= Mean down time =

In organizational management, mean down time (MDT) is the average time that a system is non-operational. This includes all downtime associated with repair, corrective and preventive maintenance, self-imposed downtime, and any logistics or administrative delays.

==Description==
The inclusion of delay times distinguishes mean down time from mean time to repair (MTTR), which includes only downtime specifically attributable to repairs.
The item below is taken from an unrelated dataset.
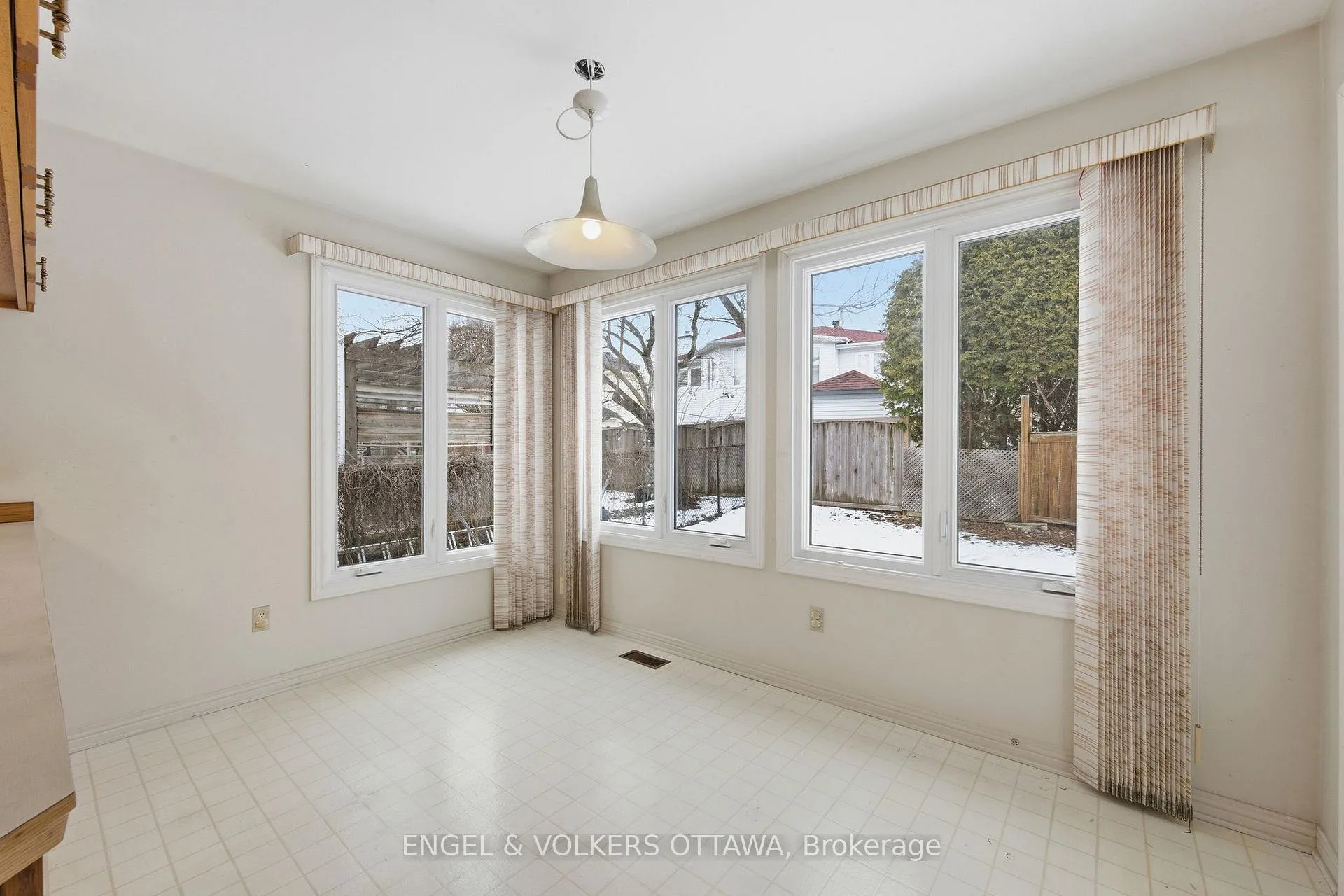 Photo 15 of 591 Merkley Drive, Ottawa, Fallingbrook/Pineridge — HOMEH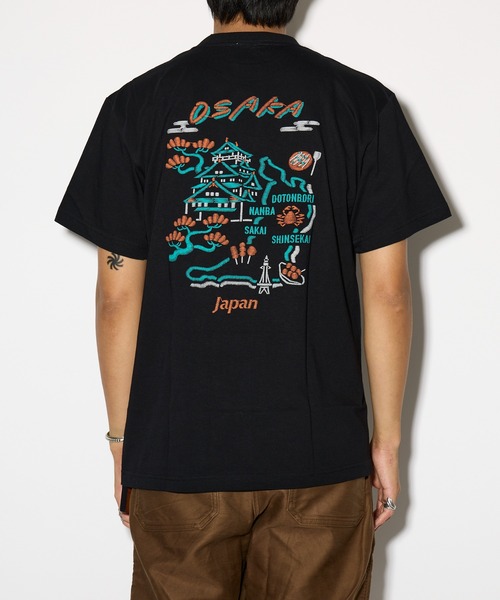 シジュウナナ(シジュウナナ)の「【 47 / シジュウナナ 】 大阪 マップ Tシャツ 半袖 観光地 刺繍風 OSAKA MAP Tee④ WEE(Tシャツ/カットソー・レディース・ブラック/ホワイト・XL/L/M)」の1枚目の写真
Mean Down Time key factors:
1. SYSTEM FAILURE
  1. Identification & Recovery Time. First, the fact that the system is down must be identified, and maintainers notified & brought to action
  2. Fault detection and isolation. The problem must be identified and the faulty part identified.
  3. Parts Procurement. Replacement parts needed (if any) must be obtained
  4. System Repair. Faulty parts must be replaced or repaired.
2. SCHEDULED DOWNTIME
  1. Preventive Maintenance. Preventive maintenance checks are often intrusive and require the system to be down (unless prognostics are used), e.g., checking oil in a car engine.
  2. System Upgrade. System downtime is usually required to bring new features to the system.
  3. Calibration. Many forms of mechanical or electronic equipment require periodic intrusive calibration.
  4. Other administrative actions

There are four main ways of reducing MDT:
1. Design the system to fail less often. A more reliable system that doesn't fail often reduces the Down Time.
2. Make the system repairable. If an item is repairable, it will be used for a longer time, and the user will become more familiar with its operation. This will decrease the MDT because the user will be able to detect abnormal operation sooner, and the system will be repaired before the problem becomes too serious.
3. Let the user repair the system. By designing a system to be user-repairable, the MDT will be considerably decreased, as it will not have to be taken out of service for long periods of time while it is being repaired by the manufacturer (which of course includes time spent in transit to and from the manufacturer).
4. Provide the user with a repair support system. The closer critical spare parts are to the system, the faster it will be able to be repaired, as this eliminates the delay involved in ordering parts from the manufacturer and waiting to receive them. Also, the clarity of any instructions on how to repair an item will greatly contribute to the speed at which it is repaired.